作品の閲覧

エッセイ・コラム

小さな旅 ~アジア編

西川 武彦

 毎週月曜日、早目の夕飯を掻き込むと、新宿経由で新大久保に向かう。平均年齢75歳の男声合唱団の定期練習が18時半から二時間あるのだ。山手線を降りれば、アジアのどこかにまぎれこんだ感じである。顔かたちで印パ、アフリカ系はなんとか分かるが、アジアの奥・ネパール・スリランカ辺りからも増えているようだ。中国・韓国系だろうか、最近は身だしなみも日本人と変わらず、近くで喋るのを聴かないと判断できない。
 練習場は、駅から徒歩10分、大久保1丁目にある。界隈の人口の四割が外国人と聞く。足が遠のいた海外への旅をこの地で味わっている感じだ。

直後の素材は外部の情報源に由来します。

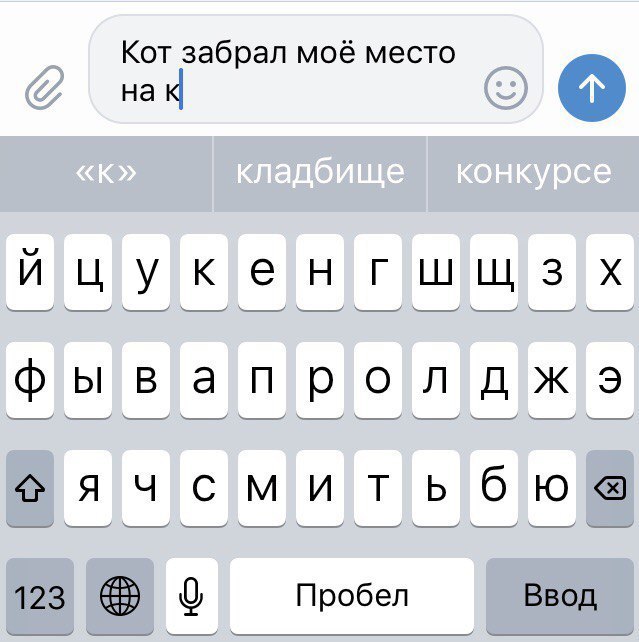 Кот забрал моё место на фыва пролджэ я и 6 123 Пробел Ввод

 途中で、冷たい飲み物やのど飴を調達するために立ち寄るコンビニの職員は、ほとんど外国人であることが胸の名札で分かる。日本語が巧いから、そうとは気がつかずに終わることもままある。筆者が住む若者に人気の町「シモキタ」もしかり。振りかえれば、この二、三年の現象だ。
 こんなことをつらつら考えていた最近、タイムリーに、「コンビニ外国人」という新書本と出会った。著者の芹澤健介さんが、コンビニで働く外国人に興味を持ったのは、2012年頃という。彼は当時浅草に住んでいたというからさもありなん。約一年、100名の外人店員に取材してまとめたのがこの本だ。2018年5月刊行である。
 コンビニでアルバイトする外国人の大半は留学生だ。…といっても名ばかりの出稼ぎ留学生も多いらしい。お役人大国のジャパンでは、留学生には、「週二十八時間」というルールがあるそうだが、コンビニだけでない、外国人はスーパー、飲食店でも見かける。風俗を含め、抜け穴はいくらでもあろう。同書によれば、2016年、外国人労働者数は100万を超えたという。
 筆者の自宅の界隈は戦災を受けなかったこともあり、家屋の老朽化や世代交代等で、宅地の売却、マンションへの建て替え工事で騒がしい。アホノミクス?の景気対策かもしれないが、よくみると労働者にも外国人がチラホラ…。
 先日、パソコンの具合が乱れたので、保全のために利用しているNortonに電話したところ、こちらのパソコン・レベルを会話でそれとなく窺がいながら、起承転結見事に、問題を解読・解決してくれた。そのあと頂戴したメールで、担当者の女性は中韓系と断定した。
 一事が万事、一向に止らぬわがジャパンの人口減のなか、傘寿を過ぎた筆者が千の風になる頃には、スーパー・コンビニは、AIと外国人労働者ばかりという風景になっているかもしれない、とご隠居は呟いている。